Electric vehicles, including automated vehicles, both land and air-based, will play a big part in tourism.
"In the near future, we will have technologies available that we have not even imagined yet.
"Air New Zealand is talking about drone technology.
"This is what I’m foreseeing. Wanaka to Queenstown, Queenstown to Dunedin ... Queenstown to Christchurch on these short-haul, fast, drone-based, perhaps automated, helicopter-like vehicles."
Prof Higham thinks the number of international airports in New Zealand might reduce, possibly leaving Auckland and Christchurch as the gateways for a reduced number of tourists who spend a longer amount of time and travel more widely while in the country.
In December, Simon Upton, the Parliamentary Commissioner for the Environment, produced a report warning that "increasing numbers of tourists — both domestic and international — are putting our environment under pressure and eroding the very attributes that make New Zealand such an attractive country to visit".
This is important, Prof Higham says.
"We need to ask ourselves why we value Central Otago, and what makes it unique and special.
"Part of that is its stunning naturalness, vast landscapes and relative emptiness.
"An airport brings a lot of infrastructure and superstructure ... that, I think, would contribute quite significantly to destroying part of the reason why tourists value Central Otago."
Upton’s second report, outlining policy recommendations, is due before Christmas.
In June, Minister of Tourism Kelvin Davis set up the New Zealand Tourism Futures Taskforce.
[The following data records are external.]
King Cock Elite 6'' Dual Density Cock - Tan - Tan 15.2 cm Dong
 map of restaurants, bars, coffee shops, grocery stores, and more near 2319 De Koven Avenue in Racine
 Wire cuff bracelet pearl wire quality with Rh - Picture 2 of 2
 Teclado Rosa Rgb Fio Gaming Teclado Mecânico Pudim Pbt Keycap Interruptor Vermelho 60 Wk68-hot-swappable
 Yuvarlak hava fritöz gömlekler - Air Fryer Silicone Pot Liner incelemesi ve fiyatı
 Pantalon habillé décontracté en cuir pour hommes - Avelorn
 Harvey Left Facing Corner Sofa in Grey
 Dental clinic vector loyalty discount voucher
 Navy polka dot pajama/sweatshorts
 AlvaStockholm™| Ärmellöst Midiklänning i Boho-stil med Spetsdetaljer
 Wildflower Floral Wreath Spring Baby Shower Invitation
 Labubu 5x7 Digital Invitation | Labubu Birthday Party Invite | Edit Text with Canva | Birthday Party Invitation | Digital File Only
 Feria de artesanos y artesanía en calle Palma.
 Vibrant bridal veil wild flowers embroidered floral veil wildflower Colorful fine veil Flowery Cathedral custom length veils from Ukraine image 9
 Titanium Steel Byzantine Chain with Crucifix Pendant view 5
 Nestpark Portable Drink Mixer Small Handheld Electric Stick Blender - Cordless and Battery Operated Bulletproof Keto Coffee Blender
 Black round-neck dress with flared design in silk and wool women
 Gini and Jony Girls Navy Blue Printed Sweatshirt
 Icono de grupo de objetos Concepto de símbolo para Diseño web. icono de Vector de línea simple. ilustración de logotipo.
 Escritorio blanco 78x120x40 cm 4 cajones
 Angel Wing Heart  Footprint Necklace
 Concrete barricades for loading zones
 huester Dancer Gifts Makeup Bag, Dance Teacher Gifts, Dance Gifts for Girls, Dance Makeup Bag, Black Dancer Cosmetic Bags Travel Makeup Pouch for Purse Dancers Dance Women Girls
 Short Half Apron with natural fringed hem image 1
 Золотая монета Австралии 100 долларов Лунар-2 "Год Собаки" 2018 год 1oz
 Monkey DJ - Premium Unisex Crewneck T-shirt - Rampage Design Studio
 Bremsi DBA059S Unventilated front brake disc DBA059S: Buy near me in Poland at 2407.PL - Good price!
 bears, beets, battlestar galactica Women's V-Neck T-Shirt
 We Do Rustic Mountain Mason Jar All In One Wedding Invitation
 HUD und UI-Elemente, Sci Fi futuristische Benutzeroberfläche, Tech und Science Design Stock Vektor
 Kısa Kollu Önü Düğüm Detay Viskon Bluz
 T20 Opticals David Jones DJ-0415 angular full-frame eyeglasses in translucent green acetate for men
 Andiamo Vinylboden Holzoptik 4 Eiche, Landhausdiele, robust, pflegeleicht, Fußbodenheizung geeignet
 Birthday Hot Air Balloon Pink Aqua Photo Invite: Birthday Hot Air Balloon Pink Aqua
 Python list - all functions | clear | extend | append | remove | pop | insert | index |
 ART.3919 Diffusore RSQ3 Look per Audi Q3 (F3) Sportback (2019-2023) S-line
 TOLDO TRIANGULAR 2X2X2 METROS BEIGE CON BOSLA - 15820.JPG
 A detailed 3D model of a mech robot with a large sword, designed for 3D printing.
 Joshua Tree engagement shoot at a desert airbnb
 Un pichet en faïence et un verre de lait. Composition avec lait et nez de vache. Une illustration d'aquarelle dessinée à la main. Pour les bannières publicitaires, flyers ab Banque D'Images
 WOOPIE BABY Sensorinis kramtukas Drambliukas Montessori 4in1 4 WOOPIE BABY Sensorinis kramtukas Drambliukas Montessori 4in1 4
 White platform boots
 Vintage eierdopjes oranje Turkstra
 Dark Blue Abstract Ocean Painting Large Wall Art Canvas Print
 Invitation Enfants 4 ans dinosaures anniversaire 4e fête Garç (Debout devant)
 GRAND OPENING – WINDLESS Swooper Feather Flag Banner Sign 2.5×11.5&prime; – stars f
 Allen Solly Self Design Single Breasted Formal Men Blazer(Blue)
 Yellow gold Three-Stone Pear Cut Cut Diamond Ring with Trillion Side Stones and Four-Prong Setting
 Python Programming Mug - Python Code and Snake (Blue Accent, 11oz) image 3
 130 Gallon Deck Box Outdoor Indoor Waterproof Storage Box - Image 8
The six-person public-private task force, assisted by a 30-person advisory group, has been charged with advising the Government on changes "so that tourism enriches both New Zealand and the wellbeing of New Zealanders".
The task force will deliver its initial report on the future of tourism for New Zealand in December.
These include its heavy carbon footprint, a reliance on buoyant economies and exemptions from taxes and other regulations.
"If you add all this up, plus potentially permanent shifts in demand or travel behaviours, then I would say that we may well have seen ‘peak aviation' in 2019," Prof Becken says.
For Prof Higham, despite many unknowns, it all paints a picture devoid of an international airport at Tarras.
"I think we are on the cusp of a low-carbon transport revolution. And I can’t see an airport at Tarras playing a logical part in that new future for tourism.
"For me, it seems mad."
Johns, however, is in no hurry to count chickens before they have fully fledged.
The 750ha of land had to be bought before it was worthwhile talking about the idea, he says.
Now is the time for plenty of conversations with locals, iwi, industry and government.
"We want to listen first and then form up the proposal.
"We’re pretty confident that sometime over the next five to15 years an investment case will stack up to go ahead and develop that site."
So, genius or madness?
"Why don’t we get together in 2030," Johns says with a laugh.
"You choose the pub in Cromwell or Tarras. If it’s madness, I’ll buy you a beer. If it’s genius, you buy me a beer."